Dáil debates

Thursday, 9 December 2010

Social Welfare Bill 2010: Second Stage (Resumed)

 

12:00 pm

Photo of Seymour CrawfordSeymour Crawford (Cavan-Monaghan, Fine Gael)

I cannot say I welcome the opportunity to speak on this Bill because it is not a welcome piece of legislation. I refer to the contribution of the Minister of State, Deputy Mary Alexandra White of the Green Party. Yesterday she literally claimed everything that was good or what she regarded as good. She said that only for the Green Party education would be in a much worse state. She claimed the Green Party was getting a mayor for Dublin. This is a big issue in the country. She even claimed that it was as a result of the work of the Green Party that 7,000 hectares of forestry was planted this year. When Fine Gael was last in Government in 1996, a total of 25,000 hectares was planted and there was no word of the Green Party then. The sooner there is no word of the Green Party now, the better for this country. Where does the Green Party stand today?

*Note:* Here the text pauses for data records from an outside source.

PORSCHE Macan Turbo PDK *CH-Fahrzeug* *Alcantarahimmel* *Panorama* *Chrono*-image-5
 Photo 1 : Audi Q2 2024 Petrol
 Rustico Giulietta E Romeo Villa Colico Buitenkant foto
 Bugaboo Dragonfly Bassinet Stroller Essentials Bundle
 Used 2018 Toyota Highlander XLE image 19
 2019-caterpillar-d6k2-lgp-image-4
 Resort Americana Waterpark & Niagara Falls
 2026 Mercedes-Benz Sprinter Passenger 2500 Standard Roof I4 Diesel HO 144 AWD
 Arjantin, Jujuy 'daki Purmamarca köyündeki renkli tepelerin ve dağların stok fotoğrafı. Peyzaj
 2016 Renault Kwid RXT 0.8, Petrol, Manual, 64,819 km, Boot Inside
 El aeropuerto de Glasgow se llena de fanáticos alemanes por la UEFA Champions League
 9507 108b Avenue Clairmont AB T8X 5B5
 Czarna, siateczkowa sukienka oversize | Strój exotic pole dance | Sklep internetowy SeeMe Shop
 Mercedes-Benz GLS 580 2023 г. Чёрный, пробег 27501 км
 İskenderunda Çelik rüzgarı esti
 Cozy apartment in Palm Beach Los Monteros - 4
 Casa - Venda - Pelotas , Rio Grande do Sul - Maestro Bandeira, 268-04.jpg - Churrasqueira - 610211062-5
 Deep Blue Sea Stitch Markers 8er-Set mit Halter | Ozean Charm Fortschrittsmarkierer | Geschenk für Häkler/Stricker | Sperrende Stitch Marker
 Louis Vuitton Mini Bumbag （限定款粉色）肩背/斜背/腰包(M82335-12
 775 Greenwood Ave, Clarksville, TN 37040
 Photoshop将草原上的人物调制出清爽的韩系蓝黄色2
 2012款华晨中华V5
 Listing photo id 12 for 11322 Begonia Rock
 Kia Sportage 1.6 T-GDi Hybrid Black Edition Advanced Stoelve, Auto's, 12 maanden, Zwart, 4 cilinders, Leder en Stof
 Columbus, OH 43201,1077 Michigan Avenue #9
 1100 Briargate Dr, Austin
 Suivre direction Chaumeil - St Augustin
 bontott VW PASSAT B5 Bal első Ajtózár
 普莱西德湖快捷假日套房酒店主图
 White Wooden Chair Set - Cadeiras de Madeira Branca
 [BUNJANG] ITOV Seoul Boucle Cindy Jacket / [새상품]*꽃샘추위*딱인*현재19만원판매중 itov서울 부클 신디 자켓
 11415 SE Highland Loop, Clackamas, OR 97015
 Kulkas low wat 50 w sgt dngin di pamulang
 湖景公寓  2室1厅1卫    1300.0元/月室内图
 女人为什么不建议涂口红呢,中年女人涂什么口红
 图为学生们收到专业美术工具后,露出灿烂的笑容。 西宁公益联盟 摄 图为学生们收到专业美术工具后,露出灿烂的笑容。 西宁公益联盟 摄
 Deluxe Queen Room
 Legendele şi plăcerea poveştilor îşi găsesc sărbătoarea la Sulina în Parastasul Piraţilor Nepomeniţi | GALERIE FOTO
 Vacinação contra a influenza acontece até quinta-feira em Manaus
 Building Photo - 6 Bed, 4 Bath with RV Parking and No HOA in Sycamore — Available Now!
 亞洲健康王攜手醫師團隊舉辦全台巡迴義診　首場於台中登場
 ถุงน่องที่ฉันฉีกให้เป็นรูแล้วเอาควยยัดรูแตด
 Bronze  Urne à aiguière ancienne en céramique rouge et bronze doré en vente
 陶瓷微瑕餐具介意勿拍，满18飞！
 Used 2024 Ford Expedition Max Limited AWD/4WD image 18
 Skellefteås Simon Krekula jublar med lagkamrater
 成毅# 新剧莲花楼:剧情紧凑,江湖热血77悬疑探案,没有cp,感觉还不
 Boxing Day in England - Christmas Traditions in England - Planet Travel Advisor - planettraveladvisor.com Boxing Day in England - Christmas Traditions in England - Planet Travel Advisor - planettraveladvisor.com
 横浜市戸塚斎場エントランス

Fine Gael agrees on the necessity to make cuts of €6 billion but there are better ways of making those cuts than cutting payments to widows, to the blind, to carers and to the disabled. I will be leaving this House when the next general election is called. I understand the arithmetic of the situation. The cut in the old-age pension in 1924 has been hung around Fine Gael's neck - Cumann na nGaedheal at that time - ever since. I question the logic of cutting payments to the weakest in society when a small cut across the board would have had the same effect and would be less harmful. For instance, is an elderly couple on €460 a week deemed to need more than a widow with three children and a mortgage and many other expenses?